Grass is not affected by gravity. However, grass with air underneath it has a chance of turning into dirt and collapsing when being walked over by mobs or players.
Dirt varies in color to match the rock layer directly below it. With grass covered areas, it may be hard to notice a transition between dirt colors, but the transition is much more obvious in areas with dry grass or cliffs with exposed dirt. The color of dirt has no effect on the nutrient content once tilled into farmland.
Farmland, also known as soil, contains three basic nutrients for crops. By using the water and nutrient modes on a metal hoe, the Player can get a visual indicator on the plots of the nutrient levels and the access to water.
Nutrients are diminished by growing crops in the soil and are replenished over time by either letting the plots "fallow" for a season or by planting your crops in cycles, choosing a crop that has a different nutrient requirement than the ones that are depleted in the earth. Dirt blocks will have no nutrients when tilled, while grass blocks will have full nutrients.
There is a chance of a clay ball dropping instead of a dirt block when a dirt block is broken.
- See also: Clay
Clay is found in areas with Rainfall of at least 500. Small chance to drop a clay ball when a dirt block is broken.
Sand is found along riverbeds and oceans and in deserts near the equator.
Unlike in vanilla, sand cannot be used to create walls; it will fall over into piles until it is supported on at least three sides.
Sand varies in color to match the rock layer directly below it. This can be useful to determine when the surface rock layer changes along the ocean floor.
Sand can be used in Sluices, where it is more likely to return gems than ores. It will provide 20 soil when thrown into a sluice, or the block can be placed underneath a water source, in a river or ocean biome, and right clicked on with a Gold Pan.
Certain sands (Quartzite, Granite, Chert, Rhyollite, or Phyllite) are high in silica and can be used as an ingredient in Glassworking. These Sands will display a tooltip indicating them as Silica Sand.

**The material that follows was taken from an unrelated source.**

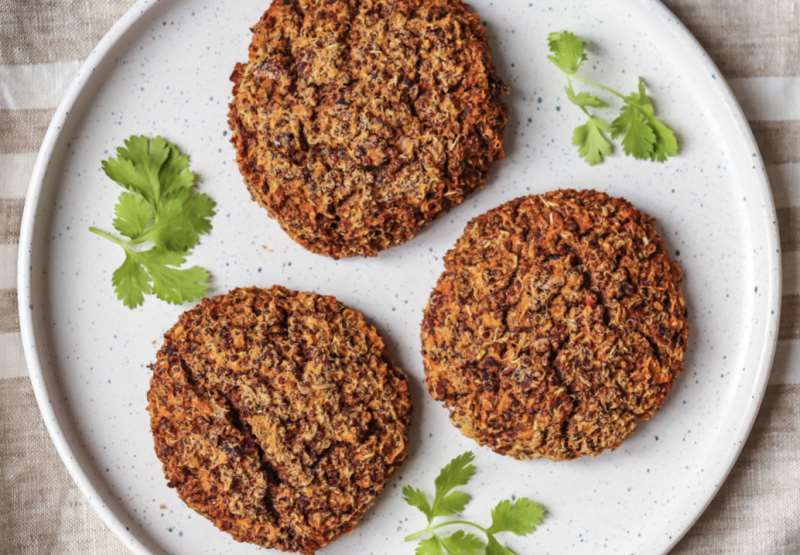 Sweet Potato, Quinoa and Bean Burger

Gravel is found along riverbeds and oceans. It's primary use is in Sluices, where it is more likely to return ores than gems. It will provide 20 soil when thrown into a sluice, or the block can be placed underneath a water source, in a river or ocean biome, and right clicked on with a Gold Pan.
Peat spawns in dirt below or equal to a y-level of 146. It can be used as fuel in a fire-pit. Like dirt and clay, grass can grow on top of peat, therefore hiding the texture and making it harder to find.
Undergrowth, Shrubs, and Bushes
Undergrowth, Shrubs, and Bushes are small plants that drop sticks and straw when broken with an ax. There are two varieties of Undergrowth, one which is a leafy passable "carpet", while another is an impassable small plant. Undergrowth spawns in forests, while shrubs and bushes spawn more often in drier temperate areas. Like the second type of undergrowth, shrubs and bushes are impassable small plants. They serve to decorate the world and to round out the terrain.
Leaf litter spawns under trees. Trees will shed their leaves and regenerate Leaf Litter in autumn. Breaking leaf litter can yield Mushrooms, Sticks, or Feathers.